(Fuente: The Independent)
By Steve Connor, Science Editor
Saturday, 14 June 2008
Saturday, 14 June 2008
The permafrost belt stretching across Siberia to Alaska and Canada could start melting three times faster than expected because of the speed at which Arctic Sea ice is disappearing.
A study found that the effects of sea-ice loss – which reached an all-time record last summer – extend almost 1,000 miles inland to areas where the ground is usually frozen all year round.
The smaller the area of sea ice, the less sunlight is reflected and the more heat is absorbed.

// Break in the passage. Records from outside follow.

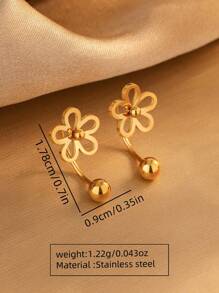 VceTd 2 件套 18K 镀金不锈钢可爱花卉设计耳环，适合女性日常和派对佩戴或作为礼物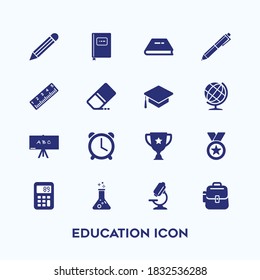 Set of education icon, stationery tool, champion medal on white background.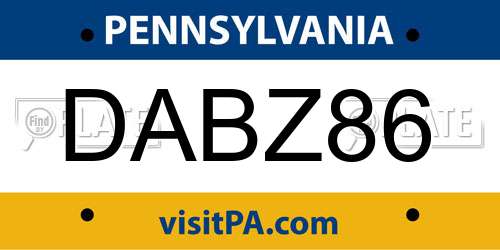 DABZ86 Pennsylvania License Plate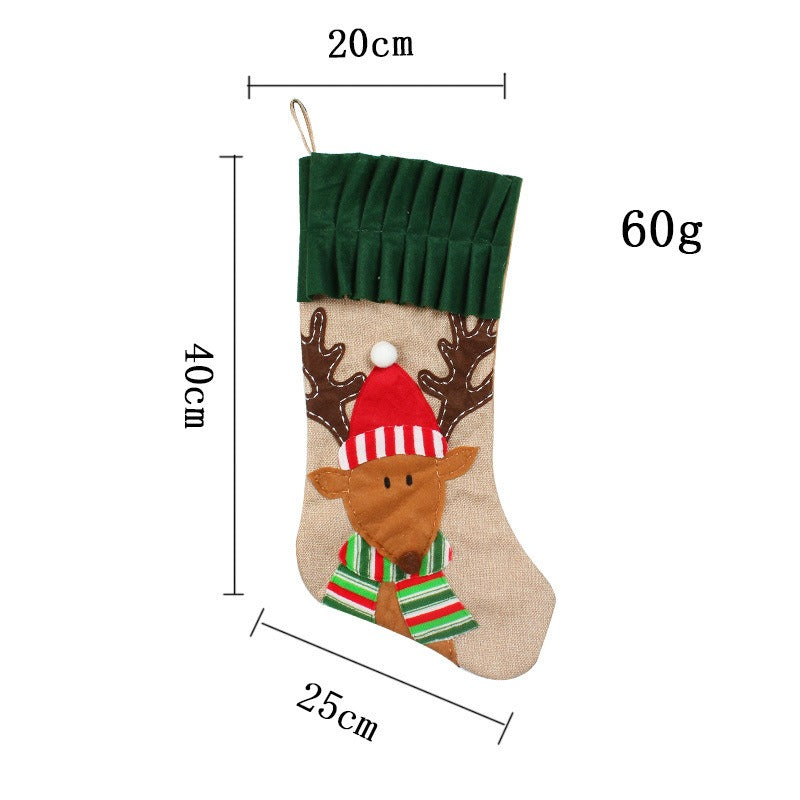 3D cartoon Santa Claus sock bag large Christmas gift candy bag Christmas Eve bedside socks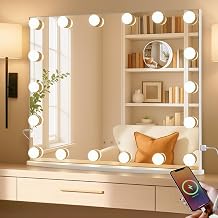 LUXFURNI Hollywood Wickelspiegel 62 x 52 Zoll mit Lichtern 18 LED-Lampen mit Beleuchtung beleuchteter Schminkspiegel in 3 Farben Tisch und Wandmontage Vergr erungsspiegel 18 LED lights 360  shadow-free lighting 3 light modes USB charging table and wall mounting for bedrooms and desks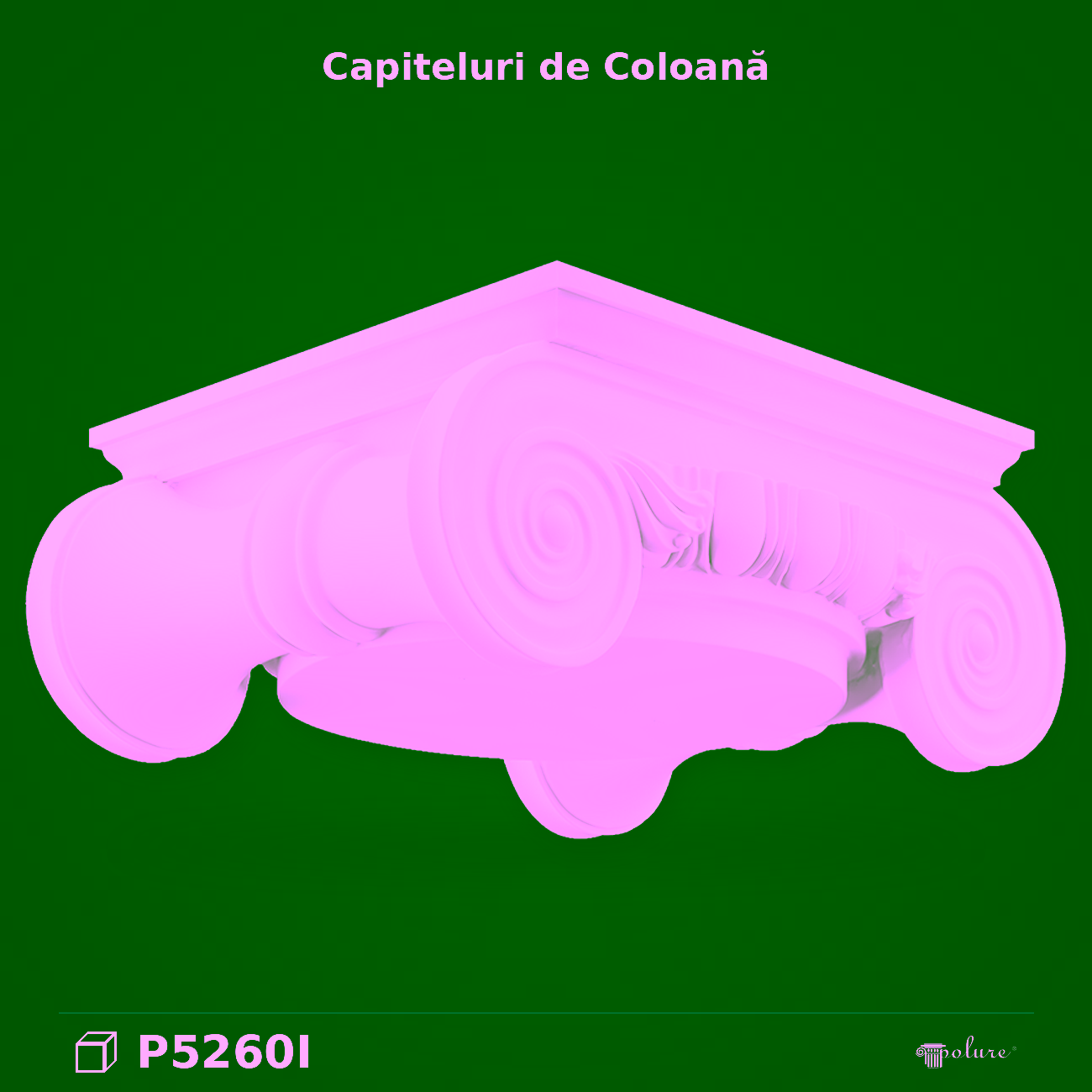 Capitel Ionic din Poliuretan pentru Coloane 70×93 cm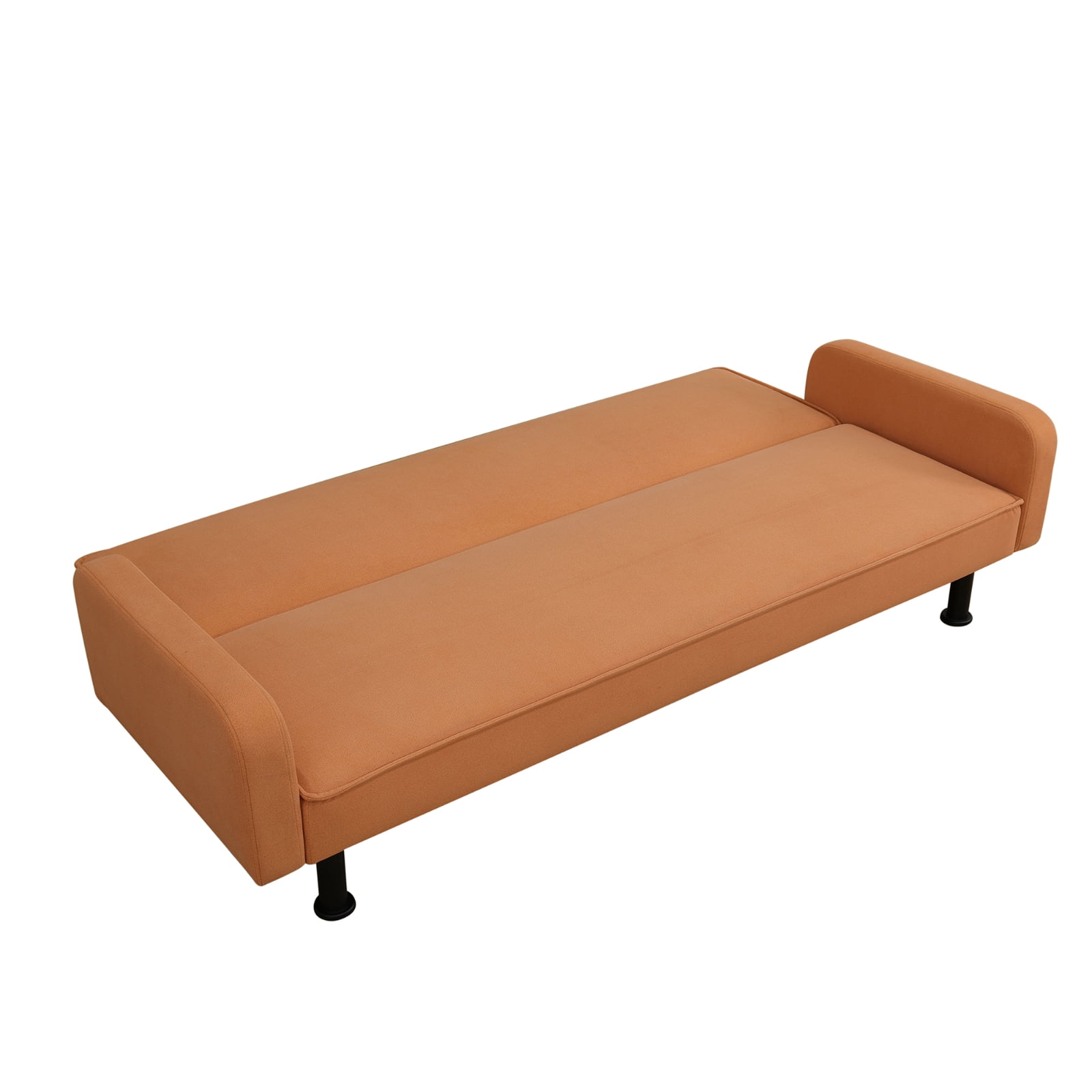 Futon Sofa Bed, Velvet Comfy Futon Couch Bed Convertible Sleeper Sofa with Adjustable Backrest, Orange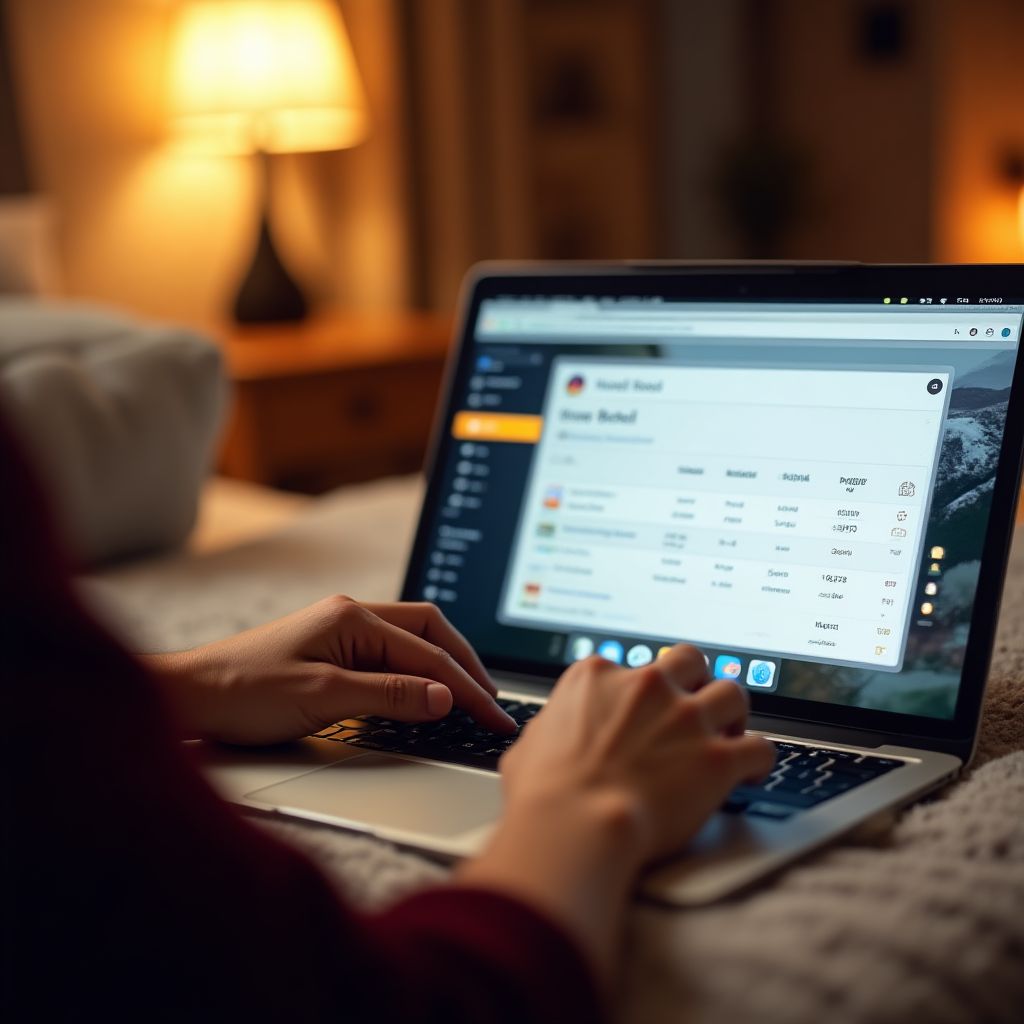Processus de réservation simple sur un ordinateur portable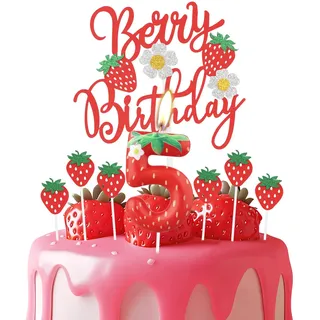Erdbeere 5 Geburtstagskerzen, rote Erdbeere Nummer 5 Kerze für Kuchen, rote Beere Geburtstagskuchenaufsätze mit weißen Blumen, Erdbeer Themen für Mädchen und Jungen 5th Geburtstag Dekorationen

That means scientists expect a tripling in the rate of warming over the continental land mass surrounding the Arctic. "Our study suggests that, if sea ice continues to contract rapidly over the next several years, Arctic land warming and permafrost thaw are likely to accelerate," said David Lawrence of the US National Centre for Atmospheric Research in Boulder, Colorado.
Last September, the sea ice of the Arctic shrank to more than 30 per cent of its average extent for that time of the year. Meanwhile, air temperatures over the Arctic region rose by about 2C above the long-term average for the period 1978 to 2006.
Melting permafrost threatens to undermine the roads, oil pipelines and buildings that are built on the permanently frozen ground. It will also endanger the region's wildlife as well as triggering the possible release of the greenhouse gases locked in the soil, which would exacerbate global warming.
Dr Lawrence and researchers at National Snow and Ice Data Centre used computer models to analyse how the loss of sea ice could influence rising air temperatures and the melting of permafrost. They looked in particular at the creation of "taliks", which are patches of unfrozen ground sandwiched between layers of permanently frozen soil lower down and a seasonally frozen patch of soil above.
"Taliks form when the downwelling summer heating wave extends deeper than the corresponding winter cooling wave, thereby preventing the talik from refreezing in winter and permitting heat to accumulate at depth as soil ice melts," the scientists said in their study to be published in the journal Geophysical Research Letters.
Taliks allow heat to build up more quickly in the soil which increases the rate at which permafrost is subjected to a long-term thaw. "Taken together, these results imply a link between rapid sea ice loss and permafrost health," the scientists warned.
Dr Lawrence said that about a quarter of the northern hemisphere's land contains perma-frost and the Arctic region's soils are believed to hold about 30 per cent of all the carbon stored in the world's soil. "An important, unresolved question is how the delicate balance of life in the Arctic will respond to such a rapid warming," he said. "Will we see, for example, accelerated coastal erosion, or increased methane emissions, or faster shrub encroachment into tundra regions if sea ice continues to retreat rapidly?"
Andrew Slater, a co-author of the study, said: "The rapid loss of sea ice can trigger widespread changes that would be felt across the region."
Claire Parkinson of Nasa said the consequences of the loss of the permafrost were unknown. "They could be significant, both on the climate through release of greenhouse gases and on the local communities through damage to roads and buildings as the frozen ground underneath thaws and destabilises".